Regulatory, Manufacturing and Commercialization. After the Effective Date, # Zai Lab will be solely responsible for and control (at its own expense) all regulatory matters related to the Development and Commercialization of Compounds and/or Products in the Territory, including, without limitation, taking full responsibility for preparing and filing the relevant applications with the Regulatory Authorities for pre-clinical and clinical studies and for Regulatory Approval; and # Zai Lab will be solely responsible for and control (at its own expense) all aspects of Commercialization of Products and the Manufacturing and supply of Products (including, without limitation, the Manufacture and supply of related Compounds being Developed by Zai Lab) in the Territory and will have sole responsibility for all costs arising therefrom.
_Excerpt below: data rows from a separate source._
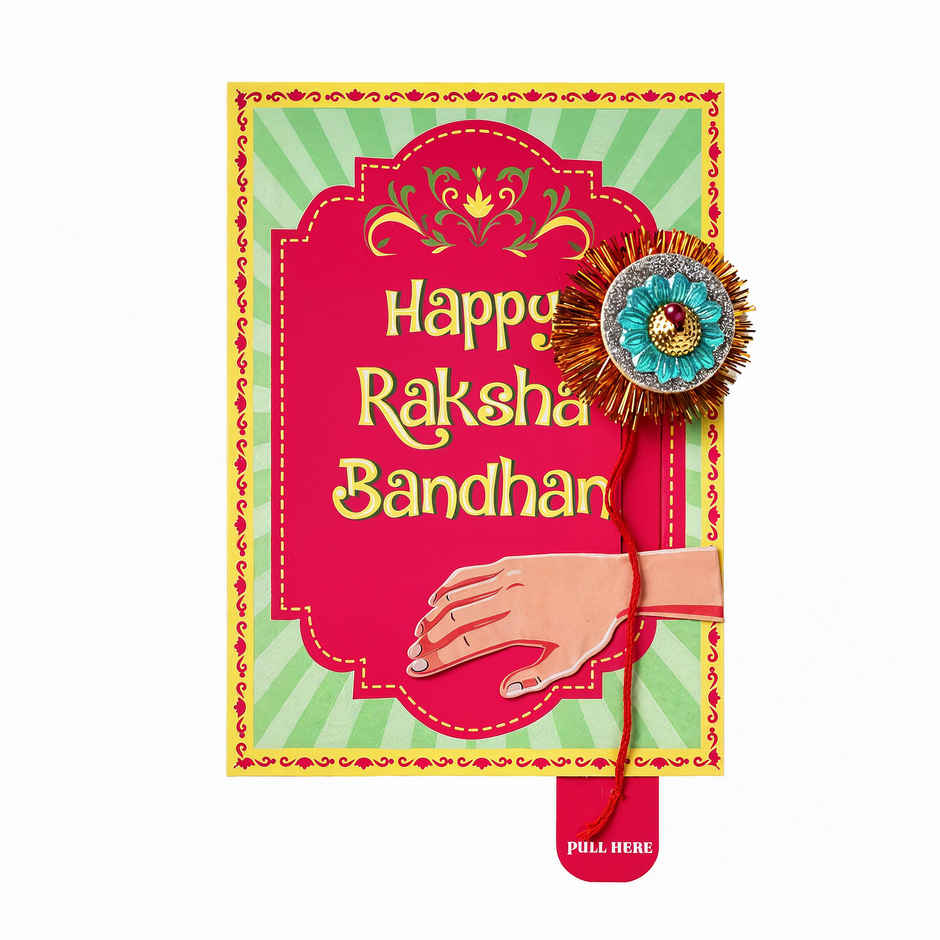 Pull Card Rakhi | Pull Card Surprise | Pack of 1 | Oye Happy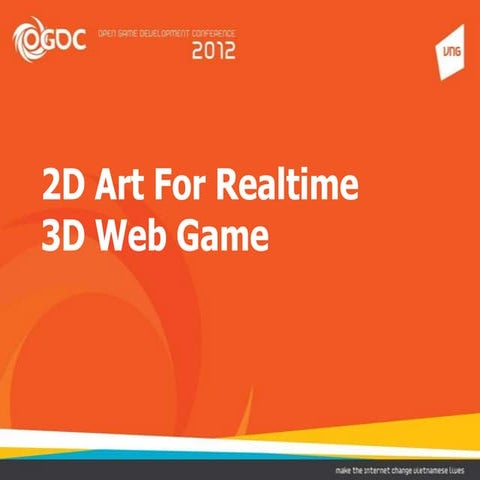 2D art for real time 3D web game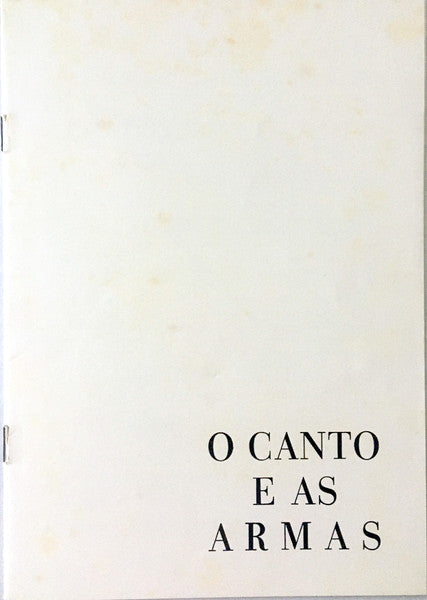 Adriano Correia De Oliveira - O Canto E As Armas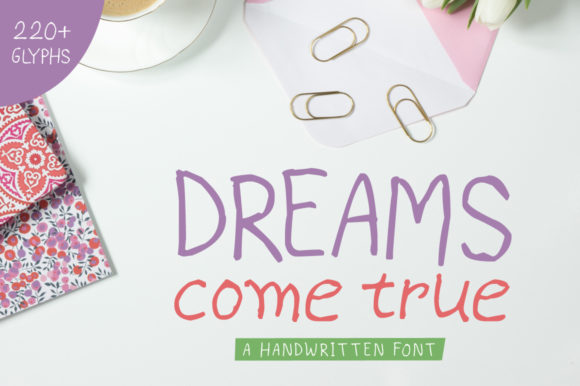 Dreams Come True Font素材之家精选英文字体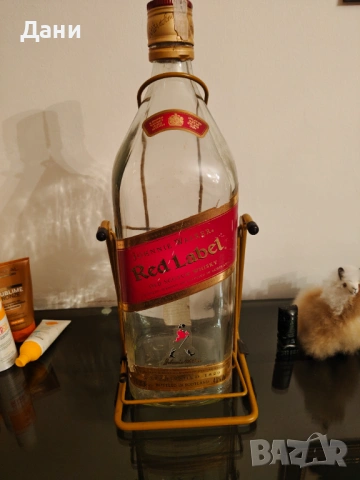 Празна бутилка от Johnnie Walker Red Label 4.5L с люлка, снимка 7 - Други ценни предмети - 54297396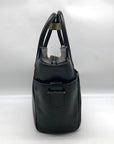 Reed Krakoff Black Leather & Calf Hair Atlantique Satchel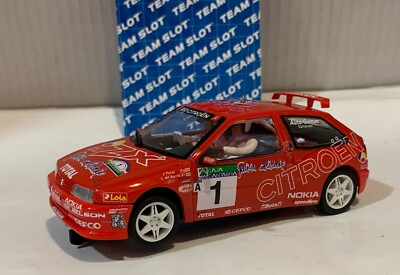  Tea “Set” Slot Car Team Slot 13302 Citroen ZX Kit Car #1 Rally Caja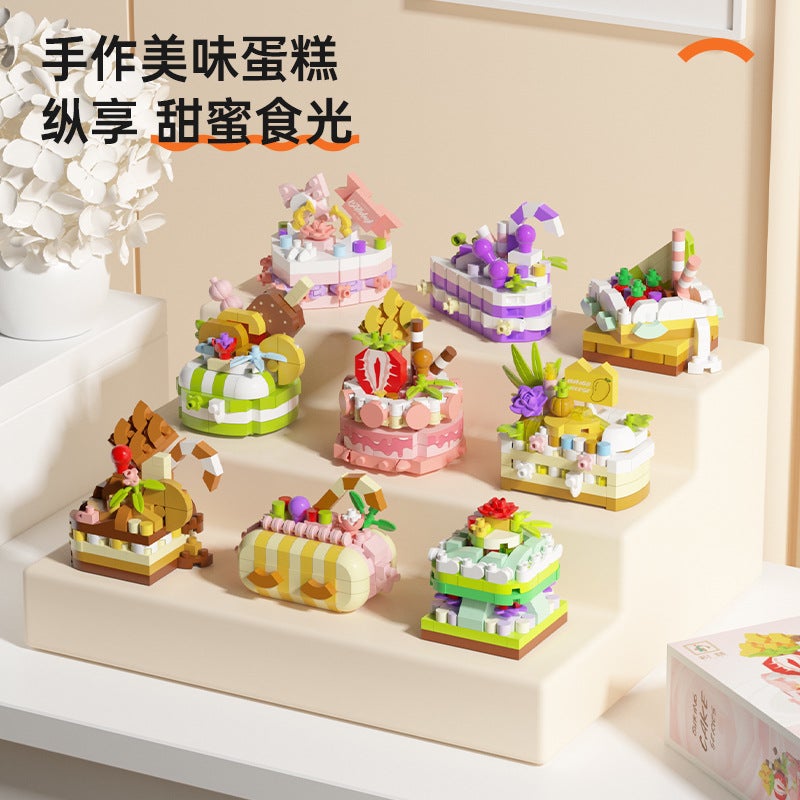 Jihui Cake Party Series Building Blocks Toy Set - Image 2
Manufacture shall mean all activities related to the manufacturing of a pharmaceutical product, or any ingredient thereof, including but not limited to test method development and stability testing, formulation, process development, manufacturing for use in non-clinical or clinical studies, manufacturing scale-up, manufacturing Licensed Compound or Licensed Product quality assurance/quality control development, quality control testing (including in-process release and stability testing), packaging, release of product or any component or ingredient thereof, quality assurance activities related to manufacturing and release of product, and regulatory activities related to all of the foregoing.